Background Our previous study combined several animal experiments conducted recently showed aldehyde dehydrogenase-2 (ALDH2) was correlated with myocardial ischaemia/infarction injury. But whether ALDH2 is beneficial was controversial. We speculated the way in which the ALDH2 activity was changed may be chiefly responsible for the controversy.
Objective To investigate the effect of acute activation of ALDH2 on myocardial ischaemia/reperfusion injury in rat.
Methods 20 male Sprague-Dawley rats were divided into five groups:sham group (n=3); control group (n=4) :occlusion of the left anterior descending coronary artery (30 min) followed by reperfusion (15 min); ethanol group (n=5):intraperitoneal injection of ethanol (0.5 g/kg) 60 min prior to ischaemia; GTN-ON group (n=3):18 h persistent nitroglycerin treatment (0.1 mg/h, delivered by a patch) combined with intraperitoneal injection of ethanol (0.5 g/kg) 60 min prior to ischaemia; GTN-OFF group (n=5):persistent nitroglycerin treatment but terminated at least 4 h before ischaemia combined with intraperitoneal injection of ethanol (0.5 g/kg). Cardiac mitochondria was isolated after reperfusion. Three parameters were measured: (1) serum CK activity before ischaemia and after reperfusion; (2) after incubation with fluorescent probe JC-1, Δψ of isolated mitochondrial was evaluated by fluorometer and fluorescent microscope; (3) ALDH2 activity was determined spectrophotometrically by monitoring the reductive reaction of NAD+ to NADH at 340 nm.

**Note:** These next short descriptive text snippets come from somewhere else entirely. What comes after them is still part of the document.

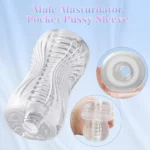 Transparent Textured Male Masturbator Sleeve - Image 3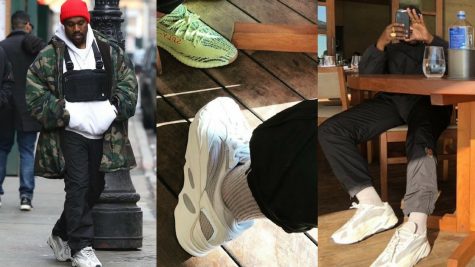 Kanye West lộ diện thiết kế giày Yeezy hoàn toàn mới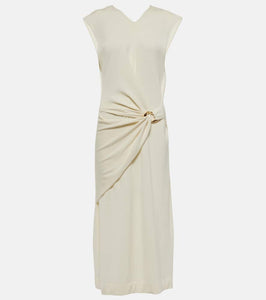 Jil Sander Virgin wool wrap dress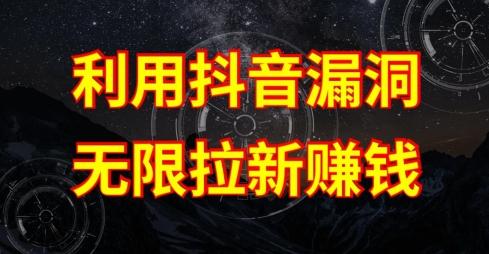 利用抖音链接漏洞，无限拉新赚钱【漏洞原理+操作流程】【揭秘】-搞钱日记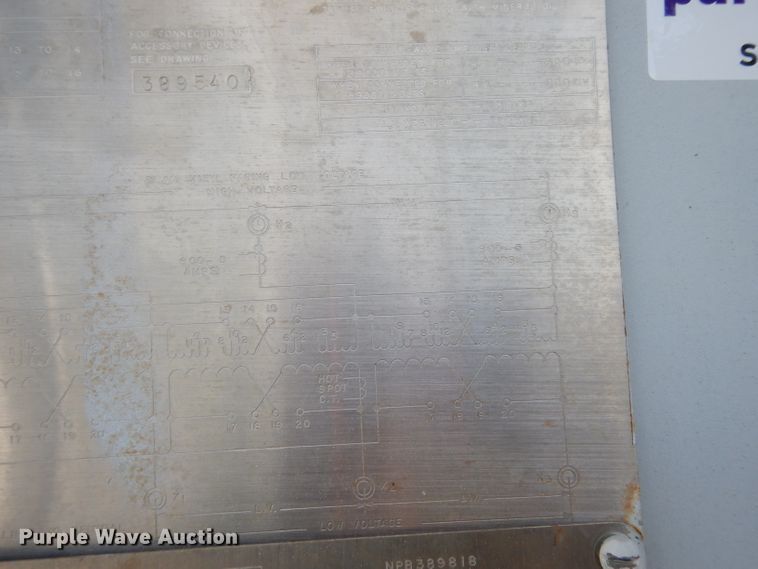 image for item DG6810 McGraw-Edison transformer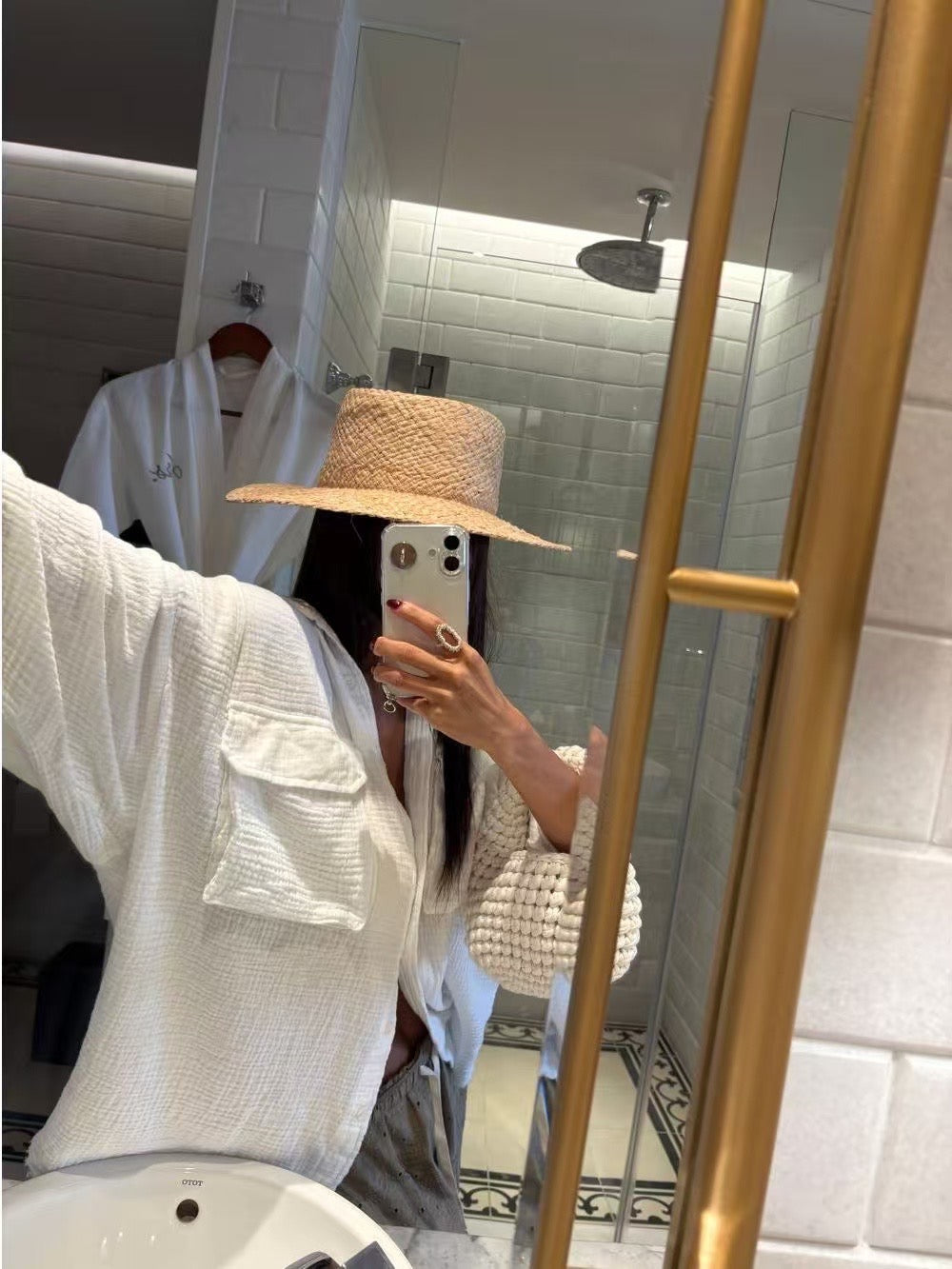 午後微光 純棉紗感襯衫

Results (1) Ethanol treatment caused a 27% increase in ALDH2 activity relative to control (2.74±0.37 and 2.15±0.46, p=0.044); Treatment with persistent nitroglycerin decreased ALDH2 activity by 27% compared with ethanol treatment (2.00±0.47 and 2.74±0.37, p=0.024). There was no statistical difference in ALDH2 activity between GTN-ON and control group (2.00±0.47 and 2.15±0.46, p=0.642). (2) Δψ in cardiac myocytes in ethanol group and GTN-OFF group were 2.8 and 2.4 times higher than that in control respectively. Δψ in cardiac myocytes in GTN-ON group was reduced by 51% (119.33±10.21 and 242.20±52.18, p=0.006) and 42% (119.33±10.21 and 204.00±86.17, p=0.045) than that in ethnol and GTN-OFF group respectively. (3) Cardiac damage was reduced by 39% (0.37±0.20 and 0.61±0.12, p=0.029) and 41% (0.36±0.10 and 0.61±0.12, p=0.031) in ethnol group and GTN-OFF group compared with that in control.
Conclusions Acute activation of ALDH2 reduced myocardial ischaemia/reperfusion injury possibly by preserving Δψ.